JumpCrisscross|2 months ago

> I start to believe OAI is very much behind

Kara Swisher recently compared OpenAI to Netscape.

Andrex|2 months ago

Ouch.

Maybe we'll get some awesome FOSS tech out of its ashes?

louiereederson|2 months ago

i think the most important part of google vs openai is slowing usage of consumer LLMs. people focus on gemini's growth, but overall LLM MAUs and time spent is stabilizing. in aggregate it looks like a complete s-curve. you can kind of see it in the table in the link below but more obvious when you have the sensortower data for both MAUs and time spent.

the reason this matters is slowing velocity raises the risk of featurization, which undermines LLMs as a category in consumer. cost efficiency of the flash models reinforces this as google can embed LLM functionality into search (noting search-like is probably 50% of chatgpt usage per their july user study). i think model capability was saturated for the average consumer use case months ago, if not longer, so distribution is really what matters, and search dwarfs LLMs in this respect.

https://techcrunch.com/2025/12/05/chatgpts-user-growth-has-s...

aswegs8|2 months ago

Not sure why they just not replicate the workflow that nano banana pro uses. It lets the thinking model generate a detailed description and then renders that image. When I use ChatGPT thinking model and render an image I also get pretty good results. It's not as creative or flexible as nano banana pro, but it produces really useful results.

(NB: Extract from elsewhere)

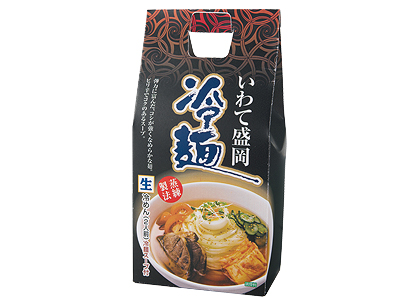いわて盛岡冷麺2食組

random9749832|2 months ago

This is obviously trained on Pro 3 outputs for benchmaxxing.

CuriouslyC|2 months ago

Not trained on pro, distilled from it.

NitpickLawyer|2 months ago

> for benchmaxxing.

Out of all the big4 labs, google is the last I'd suspect of benchmaxxing. Their models have generally underbenched and overdelivered in real world tasks, for me, ever since 2.5 pro came out.

encroach|2 months ago

OAI's latest image model outperforms Google's in LMArena in both image generation and image editing. So even though some people may prefer nano banana pro in their own anecdotal tests, the average person prefers GPT image 1.5 in blind evaluations.

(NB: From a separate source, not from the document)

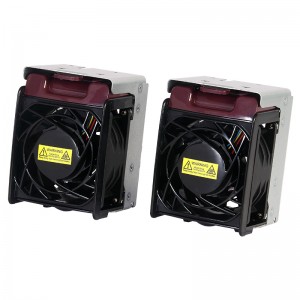 Server fan is suitable for GPU workstation chassis 4028/7048 platform tail extraction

https://lmarena.ai/leaderboard/text-to-image

https://lmarena.ai/leaderboard/image-edit

Obertr|2 months ago

Add This to Gemini distribution which is being adcertised by Google in all of their products, and average Joe will pick the sneakers at the shelf near the checkout rather than healthier option in the back

nightski|2 months ago

Google has incredible tech. The problem is and always has been their products. Not only are they generally designed to be anti-consumer, but they go out of their way to make it as hard as possible. The debacle with Antigravity exfiltrating data is just one of countless.

novok|2 months ago

The Antigravity case feels like a pure bug and them rushing to market. They had a bunch of other bugs showing that. That is not anti-consumer or making it difficult.